How to begin searching for properties

  • Your broker should regularly provide an updated list with properties that meet your investment criteria in the area you are looking. You should know about every new property that hits the market, as well as every property that has been sitting for a while and may be overlooked by regular home buyers.
  • A good buyer’s agent will not only search the MLS, but put the word out to their network of real estate brokers that they have a ready, willing, and able buyer. Sometimes agents have “pocket listings” which means they are working with a potential seller who doesn’t want to list their home for sale, but would entertain offers if the right buyer came along.
  • Use online real estate searches. Doing your own Internet research is useful for refining your investment criteria. You can view the size, features, and amenities of homes to get a better idea of what you can expect in a given area.
  • If you work with a good buyer’s agent, you shouldn’t be able to find any new properties that your agent hasn’t already shown you. It’s their job to inform you of new listings. If you come across a home you have a question about or want to see DO NOT contact the seller or broker directly. Instead DO send the home information to your broker and let him contact the listing broker or seller. After all, that is what he is being paid to do.
  • Drive the area you are looking with your family or broker. You might come across For Sale By Owner properties that just hit the market. Canvassing a neighborhood also allows you to see a home for sale that you might have overlooked because the pictures or property description on the MLS didn’t accurately describe the property.
  • Visit Open Houses to get a feel for the types of homes in a neighborhood. Neighbors will often come by open houses. This gives you a chance to ask them questions and get a feel for the vibe of the community. If you come without your buyer’s agent, be sure to tell the listing broker or agent on duty that you’re working with a buyer’s agent.

Save Time With “Presearch”

The more research you do before viewing homes in person, the better. Your time is valuable and doing your homework will reduce the amount of time wasted during the process of finding homes for sale.

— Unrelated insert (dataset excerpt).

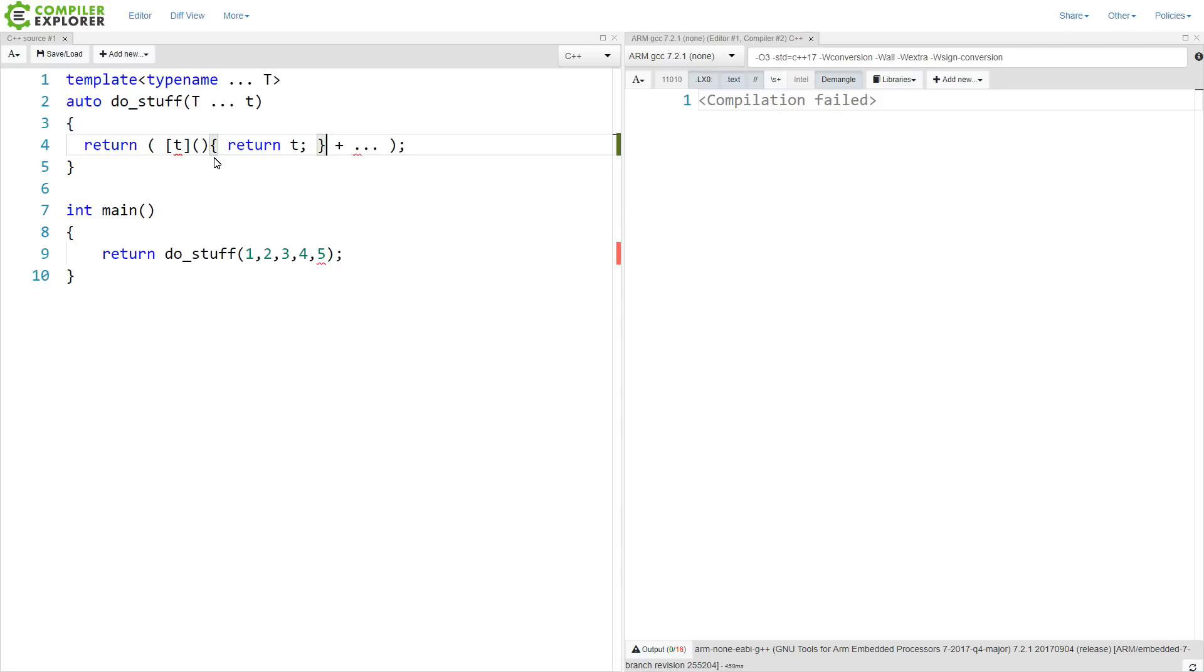So we are generating as many lambdas as we are passing in here. Now this is not going to compile yet, because we can't sum lambdas together. Let's see what happens if we do this.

  • View all available photographs and virtual tours online.
  • Search the property on Google Maps and use Street View to see the home and surrounding properties as if you were standing right there.
  • Ask your agent to call the listing broker before you visit the property. This will save you time if, for example, the home is Pending Sale but the broker hasn’t updated the listing status yet. Sometimes, a home is listed on MLS but the seller already has a buyer in place.
  • The listing broker can inform your agent if they have already received multiple offers, possibly above list price, and indicated that they are most likely going to accept one of those offers. You might not want to spend your time visiting this home unless you are willing to get into a bidding war.

Why do all this research?

There isn’t always a lot of time to make up your mind if you want to make an offer on a home, especially in today’s real estate market. Doing your homework should help expedite your decision making process.

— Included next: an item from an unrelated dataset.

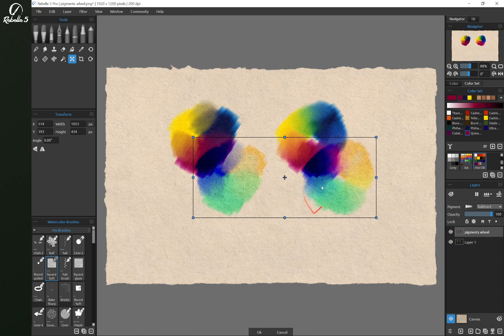All right, that's how you save an image with a transparent background in Rebelle 5.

Another benefit of research is that you know what to look for when you arrive at the property. You might overlook some of your investment criteria or forget to ask important questions if you aren’t working from a list. It’s easy to get caught up in the remodeled kitchen or spacious master bathroom and forget to notice some of the smaller items on your list.

Visiting a property in person

No pictures, video, or description can beat viewing a home in person. Even with an adequate amount of research and homework, there will come a time when you need to get off your computer and visit the property in person.

Your agent will be able to tell you if the home is vacant, whether it’s okay to come by during specified periods of time, or if the seller will only show the home by appointment.

When visiting a property, be mindful and courteous of the property and tenants. Don’t walk through the grass, wipe your feet before entering, and avoid touching personal items. A good rule of thumb is to treat the home as you’d want someone to treat your home for sale.